THE CASE FOR MARRIAGE
For the past several weeks, we’ve discussed some of the myths  and assumptions that surround divorce.

One of the reasons is to raise awareness that divorce might not be the best (or even a very good) pathway out of an unhappy marriage.

There are definite advantages to staying married as we have seen.

There is no perfect marriage. And the perfect environment for a marriage to grow and thrive probably doesn’t exist either.

There will always be challenges, obstacles and disappointments that threaten to destabilize your marriage.

Divorce isn’t the answer to marital strife because it’s more of an escape hatch than a solution.

So in the next few posts beginning with this one, I’ll offer some marriage saving tips so you can be equipped to take charge of your marital situation and turn things around.

MEN & WOMEN, THOUGH EQUAL, ARE DIFFERENT
Men and women are different. This isn’t a shocking revelation.

Men and women have different viewpoints on feelings and emotions, on what it means to really talk and communicate, they see sex differently,  have different thoughts on finances and money, and on work and careers, why? Because of many things.

Men and women think differently because of how they are wired – this is a given.

But there’s more to it than that.

Consider how boys and girls are raised and socialized – including how they are shaped by their parents’ perceptions and expectations.

A boy and a girl, because of their genders, have different life experiences from the day that they are born.

They bring this “world view”, if you want to call it that, into their marriage, along with any baggage or misguided beliefs.

All of this shapes who they are, what they believe, and what they expect to give/be to their spouse, and what they expect their spouse to give/be to them.

HOW MEN AND WOMEN APPROACH MARRIAGE
In the book, “For Better or For Worse”, authors Heatherington and Kelly discuss the different ways that men and women choose a partner:

“Women approach love as informed consumers…they
kick the tires, look under the hood, run the motor,
check the mileage. Women love love, but being
practical-minded, not enough to ignore potential
defects. Good looks and romantic love matter to a
woman, but in considering potential suitors, a woman
also looks at the practical, such as a suitor’s economic
prospects, emotional stability, trustworthiness, and
what kind of father he will be…Despite a reputation for
practicality, males come off as hopeless romantics.
They are much more prone to fall head-over-heels in
love…and also more prone to idealize the object of their
affection. If the bodywork is good and the grille pretty,
often a man will buy on the spot, no questions asked.”

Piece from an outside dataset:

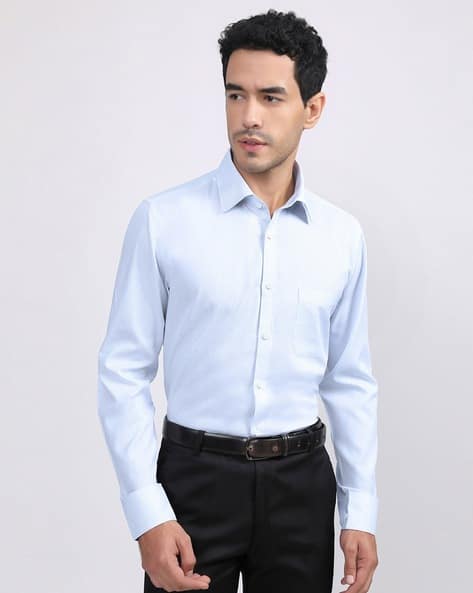 LOUIS STITCH Men Regular Fit Shirt with Patch Pocket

Okay – makes sense, especially if you’re married. BUT, here’s the wonderful revelation:

Just because a man and a woman are different (gender differences) does not mean that their differences are a threat to marriage or irreconcilable.

CAUSE FOR CELEBRATION
Our differences shouldn’t be a chronic source for ongoing conflict but a cause for celebration!

When you stop to think about it, it makes sense that men and women are different. And a beautiful, new world is created when these “differences” join together in holy matrimony.

We like variety – in fact it’s one of our human needs.

What could add more variety and surprise and wonder to life than a man and a woman deciding to do life together?

Wow. What an experience. An adventure to be appreciated.

NOT YOUR CLONE
The last thing that you would ever want is for your husband or wife to be a clone of yourself.

In a loving marriage, uniqueness and individuality are healthy beliefs and ideals.

Why not take a minute today to list two or three ways that your spouse is different from you, and why you wouldn’t have it any other way. And I think you will begin to see just how close you really are from being mad at your spouse to being mad about marriage once again.